1Alors qu’aujourd’hui de nombreux discours déplorent le repli sur soi et le désengagement d’une partie de la population pour la vie civique et citoyenne, lorsque des citoyens s’organisent pour prendre leur vie en main, ils sont soumis à de nombreux freins et obstacles. Cette situation est particulièrement observable dans les zones sensibles urbaines. Les quartiers faisant l’objet d’une procédure de développement social urbain sont confrontés à des difficultés graves liées au problème de marginalisation sociale, professionnelle et d’exclusion d’une grande partie de sa population très précarisée face à l’emploi et démunie face aux circuits administratifs et décisionnels. Les associations de femmes, souvent multiculturelles, y sont très dynamiques.

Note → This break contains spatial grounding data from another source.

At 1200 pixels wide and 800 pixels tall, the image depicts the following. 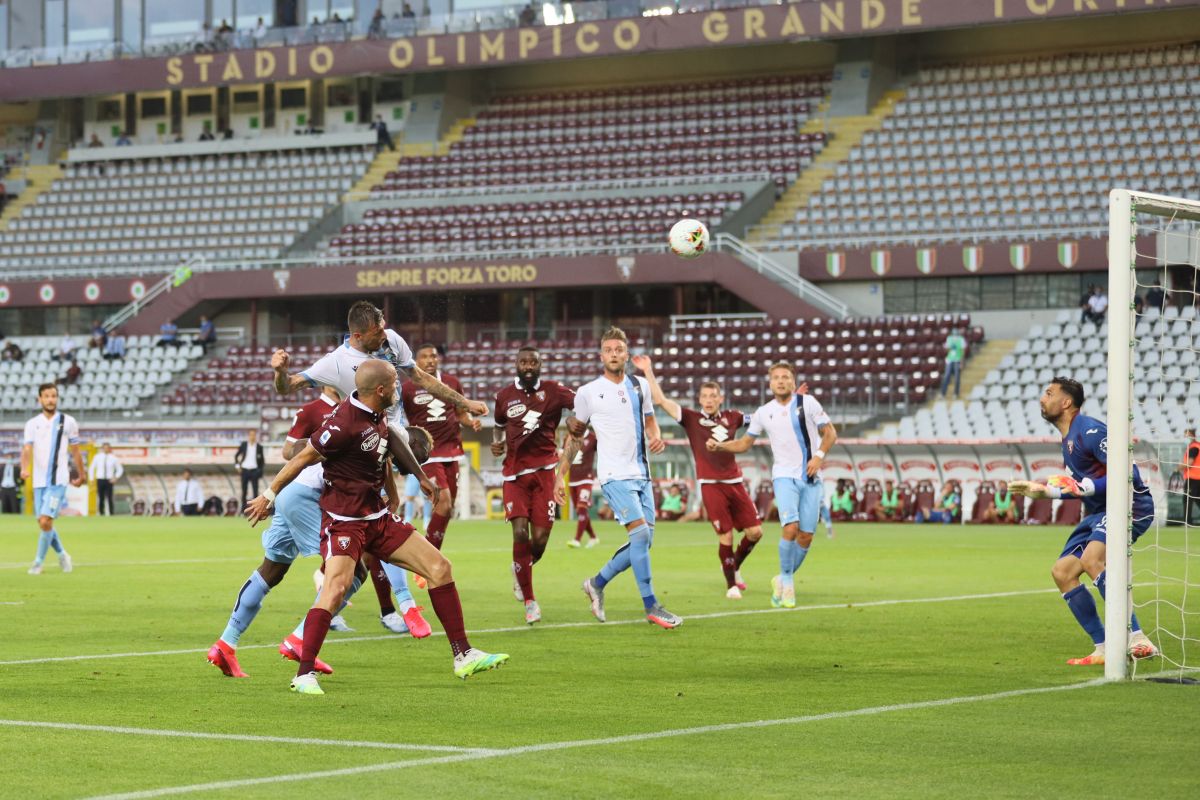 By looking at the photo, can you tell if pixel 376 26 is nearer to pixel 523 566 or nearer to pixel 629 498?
pixel 523 566

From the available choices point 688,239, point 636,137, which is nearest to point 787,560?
point 688,239

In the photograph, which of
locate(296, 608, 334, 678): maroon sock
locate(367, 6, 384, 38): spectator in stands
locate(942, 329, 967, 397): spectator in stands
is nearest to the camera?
locate(296, 608, 334, 678): maroon sock

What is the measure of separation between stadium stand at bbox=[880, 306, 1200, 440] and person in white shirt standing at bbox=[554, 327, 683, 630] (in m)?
23.3

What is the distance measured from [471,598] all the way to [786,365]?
377cm

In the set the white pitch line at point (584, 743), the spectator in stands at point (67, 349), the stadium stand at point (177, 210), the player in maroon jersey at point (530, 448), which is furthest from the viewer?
the stadium stand at point (177, 210)

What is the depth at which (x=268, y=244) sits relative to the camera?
2148 inches

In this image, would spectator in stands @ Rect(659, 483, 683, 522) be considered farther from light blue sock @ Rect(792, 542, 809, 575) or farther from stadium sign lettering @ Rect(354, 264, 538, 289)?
light blue sock @ Rect(792, 542, 809, 575)

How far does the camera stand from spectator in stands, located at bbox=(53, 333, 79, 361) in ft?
170

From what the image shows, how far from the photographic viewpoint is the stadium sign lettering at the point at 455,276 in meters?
49.0

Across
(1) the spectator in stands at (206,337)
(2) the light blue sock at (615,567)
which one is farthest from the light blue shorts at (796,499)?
(1) the spectator in stands at (206,337)

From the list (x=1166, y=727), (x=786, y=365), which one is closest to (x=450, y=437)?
(x=786, y=365)

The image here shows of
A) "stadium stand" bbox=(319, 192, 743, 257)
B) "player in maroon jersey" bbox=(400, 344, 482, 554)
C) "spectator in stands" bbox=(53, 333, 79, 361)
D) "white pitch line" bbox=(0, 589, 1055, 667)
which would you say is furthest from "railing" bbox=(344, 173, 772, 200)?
"player in maroon jersey" bbox=(400, 344, 482, 554)

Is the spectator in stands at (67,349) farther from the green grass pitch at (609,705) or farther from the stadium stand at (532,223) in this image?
the green grass pitch at (609,705)

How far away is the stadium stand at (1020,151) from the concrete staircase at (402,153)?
44.7 feet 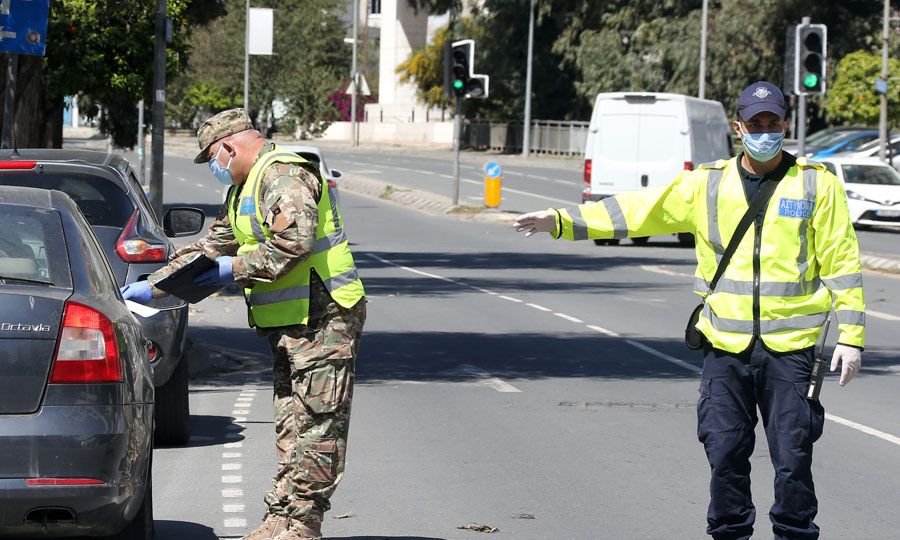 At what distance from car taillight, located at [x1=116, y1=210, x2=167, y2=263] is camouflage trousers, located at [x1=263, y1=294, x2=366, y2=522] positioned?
289cm

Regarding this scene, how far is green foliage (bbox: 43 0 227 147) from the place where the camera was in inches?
1109

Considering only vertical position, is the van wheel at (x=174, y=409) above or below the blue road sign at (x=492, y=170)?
below

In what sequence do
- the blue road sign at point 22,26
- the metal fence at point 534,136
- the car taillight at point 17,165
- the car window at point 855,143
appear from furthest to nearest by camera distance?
1. the metal fence at point 534,136
2. the car window at point 855,143
3. the blue road sign at point 22,26
4. the car taillight at point 17,165

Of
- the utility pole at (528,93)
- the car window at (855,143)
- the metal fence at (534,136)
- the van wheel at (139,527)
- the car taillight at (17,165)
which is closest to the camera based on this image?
the van wheel at (139,527)

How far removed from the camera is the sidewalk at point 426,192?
25.9 m

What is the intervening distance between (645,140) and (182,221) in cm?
2014

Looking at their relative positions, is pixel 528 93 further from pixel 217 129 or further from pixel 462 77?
pixel 217 129

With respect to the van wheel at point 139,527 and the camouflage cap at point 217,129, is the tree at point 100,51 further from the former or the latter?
the van wheel at point 139,527

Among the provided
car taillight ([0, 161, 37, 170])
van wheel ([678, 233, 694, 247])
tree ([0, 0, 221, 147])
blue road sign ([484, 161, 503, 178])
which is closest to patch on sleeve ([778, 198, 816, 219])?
car taillight ([0, 161, 37, 170])

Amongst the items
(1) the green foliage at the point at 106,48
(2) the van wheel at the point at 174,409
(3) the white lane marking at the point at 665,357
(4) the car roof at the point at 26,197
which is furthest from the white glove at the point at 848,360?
(1) the green foliage at the point at 106,48

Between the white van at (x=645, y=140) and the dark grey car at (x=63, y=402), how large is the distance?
2325cm

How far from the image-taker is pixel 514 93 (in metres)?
74.5

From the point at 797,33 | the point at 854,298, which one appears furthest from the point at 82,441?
the point at 797,33

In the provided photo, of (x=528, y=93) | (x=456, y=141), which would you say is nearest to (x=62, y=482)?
(x=456, y=141) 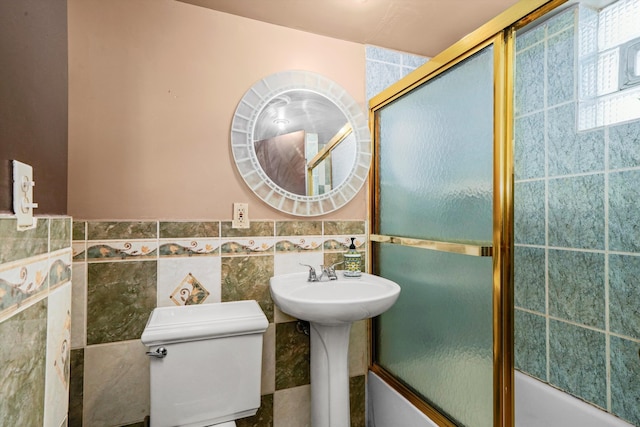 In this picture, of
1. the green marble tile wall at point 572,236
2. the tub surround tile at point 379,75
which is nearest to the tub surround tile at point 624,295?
the green marble tile wall at point 572,236

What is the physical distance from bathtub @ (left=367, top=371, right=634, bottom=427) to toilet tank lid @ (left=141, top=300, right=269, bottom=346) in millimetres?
810

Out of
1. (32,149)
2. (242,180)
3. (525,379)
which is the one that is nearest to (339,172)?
(242,180)

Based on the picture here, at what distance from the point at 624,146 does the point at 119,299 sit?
7.20ft

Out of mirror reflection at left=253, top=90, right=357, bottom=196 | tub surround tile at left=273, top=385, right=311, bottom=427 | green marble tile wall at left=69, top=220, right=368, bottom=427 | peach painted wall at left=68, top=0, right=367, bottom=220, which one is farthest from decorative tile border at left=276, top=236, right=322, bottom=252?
tub surround tile at left=273, top=385, right=311, bottom=427

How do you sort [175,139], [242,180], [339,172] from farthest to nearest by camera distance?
[339,172]
[242,180]
[175,139]

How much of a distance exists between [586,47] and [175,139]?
187cm

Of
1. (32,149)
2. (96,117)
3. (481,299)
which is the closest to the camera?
(32,149)

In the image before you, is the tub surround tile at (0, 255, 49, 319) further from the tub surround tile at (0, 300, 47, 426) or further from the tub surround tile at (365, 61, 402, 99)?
the tub surround tile at (365, 61, 402, 99)

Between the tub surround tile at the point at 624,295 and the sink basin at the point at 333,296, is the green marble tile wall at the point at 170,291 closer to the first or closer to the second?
the sink basin at the point at 333,296

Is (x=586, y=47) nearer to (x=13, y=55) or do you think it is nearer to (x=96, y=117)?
(x=13, y=55)

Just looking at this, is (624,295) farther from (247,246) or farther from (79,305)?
(79,305)

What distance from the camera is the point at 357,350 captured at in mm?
1781

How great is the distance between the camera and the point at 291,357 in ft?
5.33

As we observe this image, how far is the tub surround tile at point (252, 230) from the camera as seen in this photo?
60.2 inches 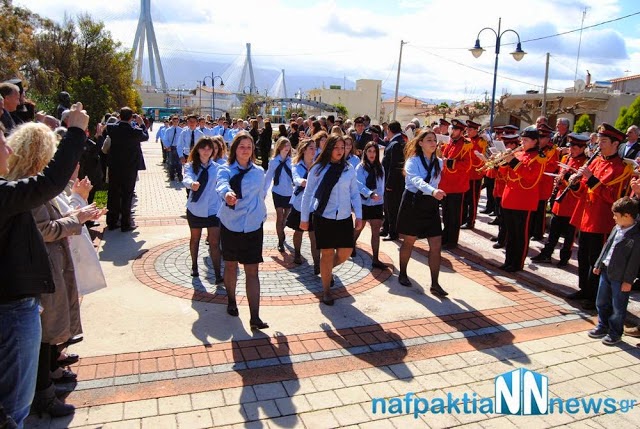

Ces femmes, souvent d’origine immigrée, au chômage ou en situation précaire, se mobilisent pour utiliser au mieux leurs possibilités et leurs compétences en créant des lieux de rencontres, en améliorant la vie de leur quartier. Ce sont des femmes, sans emploi, au chômage, ou percevant les minima sociaux et le plus souvent chefs de famille. Elles investiguent des secteurs trop souvent inexploités, par la mise en place de petites unités de production collective leur permettant de créer leur propre emploi tout en agissant sur leur environnement. En particulier les projets liés à l’alimentation-nutrition et à la restauration sont multiples et concernent de nombreuses femmes qui souhaitent transférer leurs savoir-faire traditionnels en compétences professionnelles. La prise en compte de ces différentes composantes dépasse la simple dimension économique, pour s’inscrire dans une perspective plus large de prévention et de régulation sociale. Ces initiatives locales s’inscrivent dans une dynamique de citoyenneté active par leur dimension pluriculturelle, en particulier la lutte contre la montée des intégrismes et du communautarisme, la démarche d’économie solidaire, le rôle de dynamique locale et sociale mené sur le quartier, la recherche d’autonomie par l’auto-emploi.

L’exemple du Flamboyant

2Le Flamboyant, restaurant à statut associatif, est ouvert depuis 1988 dans le quartier du Plateau Rouher à Creil, en Picardie, à 60 kilomètres de Paris. Il est situé dans un quartier en grande difficulté, où l’on constate un fort taux de chômage, marqué notamment par la fermeture des usines Chausson et une immigration importante. Ce quartier cumule un certain nombre de difficultés : une paupérisation de la population, une absence d’infrastructure, des zones commerciales désertifiées, un éloignement du centre ville.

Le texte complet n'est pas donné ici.